## 1. Setup and Installation

First, let's install the required packages (uncomment if needed):

In [None]:
# !pip install -r ../requirements.txt

## 2. Import Libraries

In [None]:
import sys
import os
from pathlib import Path

# Add parent directory to path
sys.path.insert(0, str(Path.cwd().parent))

from src.audio_processor import AudioProcessor
from src.transcriber import Transcriber
from src.grammar_scorer import GrammarScorer
from src.utils import load_config, save_json, get_audio_files
from main import GrammarScoringEngine

import warnings
warnings.filterwarnings('ignore')

print("✓ Libraries imported successfully!")

## 3. Initialize Components

Let's initialize the Grammar Scoring Engine:

In [None]:
# Initialize the complete engine
engine = GrammarScoringEngine(config_path='../config.yaml')

print("\n✓ Grammar Scoring Engine ready!")

## 4. Download Sample Data from Kaggle (Optional)

If you want to use Kaggle datasets:

In [None]:
from src.kaggle_loader import setup_kaggle_credentials, show_recommended_datasets

# Show recommended datasets
show_recommended_datasets()

# Check Kaggle credentials
setup_kaggle_credentials()

In [None]:
# Uncomment to download a dataset
# from src.kaggle_loader import download_dataset
# dataset_path = download_dataset('google/speech_commands', '../data/raw')
# print(f"Dataset downloaded to: {dataset_path}")

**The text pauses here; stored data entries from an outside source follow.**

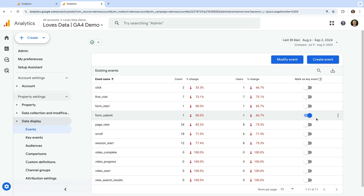Once enabled, every time the event is collected into Google Analytics, a key event will also be counted in your reports. This lets you report on how many conversions occur on your website. However, if we were to enable the page view event as a key event, then every time someone views a page on our website a key event would be counted. This doesn't work if you only want to track a thank you page or confirmation page as a key event.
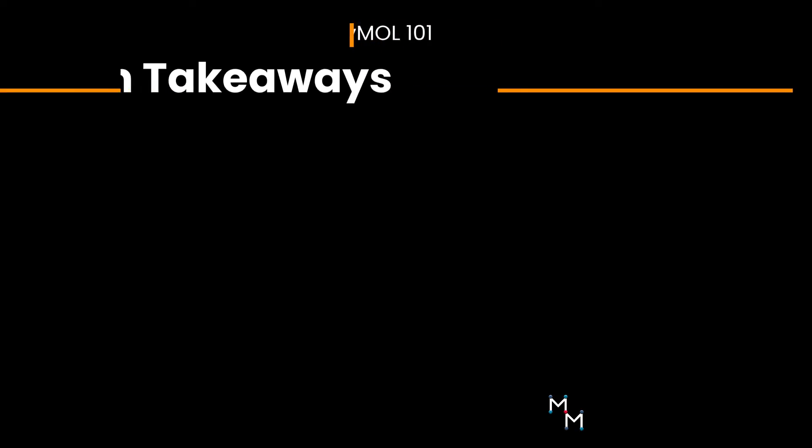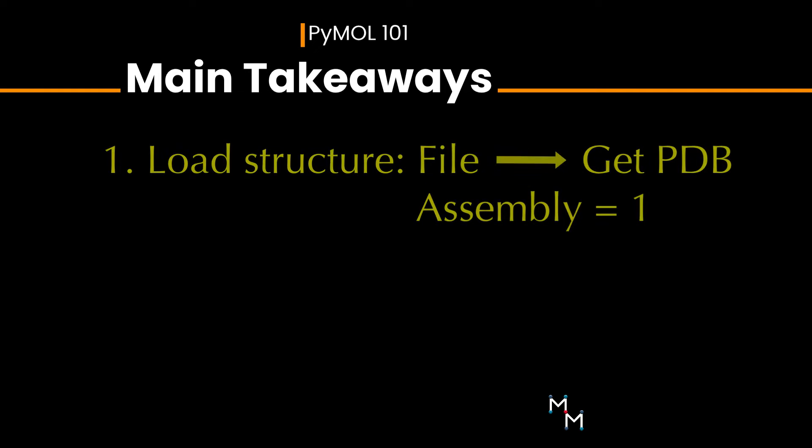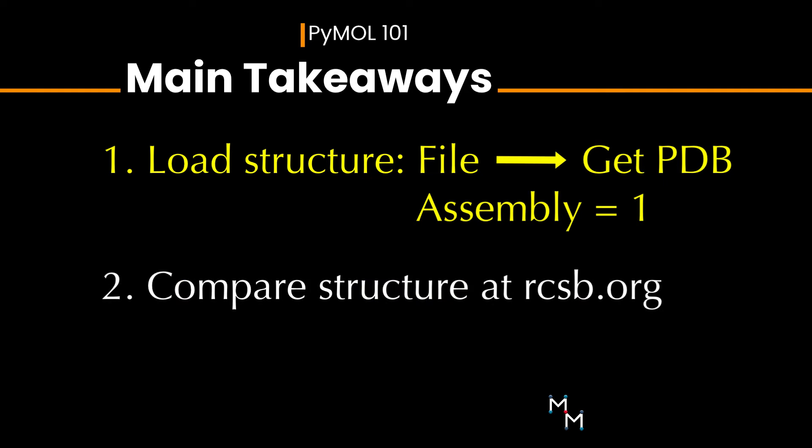Okay, main takeaways. Use Get PDB in the File menu to load structures and set the assembly to 1. Compare your structure to the image in the RCSB PDB to make sure it loads as expected. And visit the PyMole Wiki to learn command line codes.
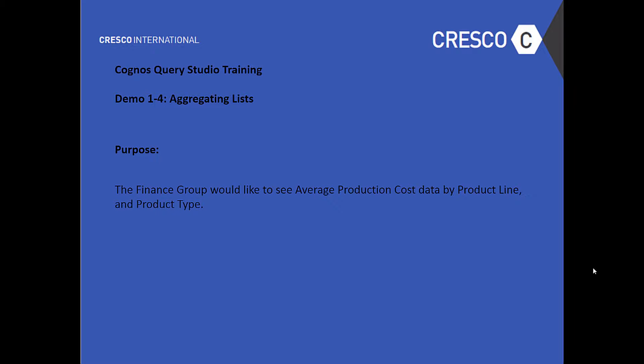Welcome to Cresco International's Cognos Query Studio Training Demo 1-4 Aggregating Lists. The purpose: The finance group would like to see average production cost data by product line and product type.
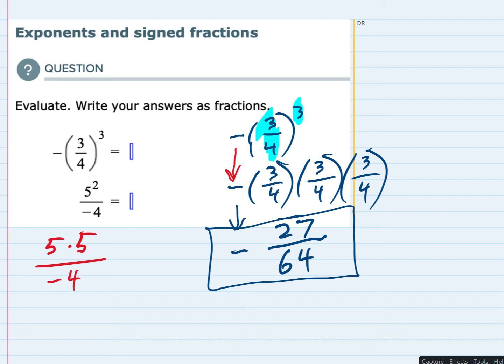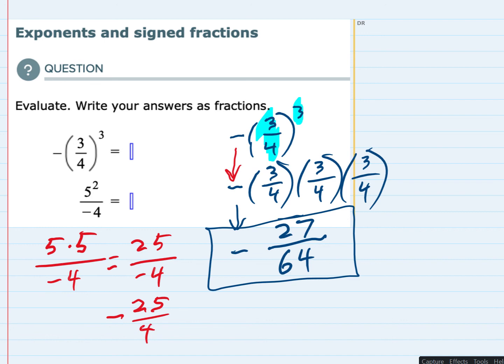Simplifying the numerator: five times five is 25. And we still have that negative four in the denominator. So if we have a positive 25 being divided by a negative four — when we divide and the signs are different, our answer would be negative. So this is negative 25 fourths, really just moving the negative out in front.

## 5. Test with Sample Audio

Let's test the engine with a sample audio file:

In [None]:
# Example: Process a single audio file
# Replace with your actual audio file path
audio_file = "path/to/your/audio.wav"

# Check if file exists
if os.path.exists(audio_file):
    result = engine.score_audio(audio_file, save_results=True)
    
    print("\n" + "="*70)
    print("RESULTS")
    print("="*70)
    print(f"Score: {result['score']:.2f}/100")
    print(f"Grade: {result['grade']}")
    print(f"Errors Found: {result['error_count']}")
    print(f"Word Count: {result['word_count']}")
else:
    print(f"⚠ Audio file not found: {audio_file}")
    print("Please update the audio_file variable with a valid path.")

## 6. Test Individual Components

You can also test components separately:

### 6.1 Test Audio Processing

In [None]:
# Test audio processor
audio_processor = AudioProcessor(sample_rate=16000)

# If you have an audio file, get its info
# audio_info = audio_processor.get_audio_info("your_audio.wav")
# print(audio_info)

### 6.2 Test Grammar Scoring with Text

In [None]:
# Test grammar scorer with sample text
scorer = GrammarScorer(language="en-US", use_language_tool=True)

sample_text = """
This is a sample text for testing the grammar scoring engine.
The engine can detect various types of errors including spelling mistakes,
grammatical errors, and punctuation issues.
"""

# Score the text
result = scorer.score_text(sample_text)

print("\nGrammar Analysis Results:")
print(f"Overall Score: {result['score']:.2f}/100")
print(f"Grade: {result['grade']}")
print(f"\nComponent Scores:")
for component, score in result['component_scores'].items():
    print(f"  {component.capitalize()}: {score:.2f}")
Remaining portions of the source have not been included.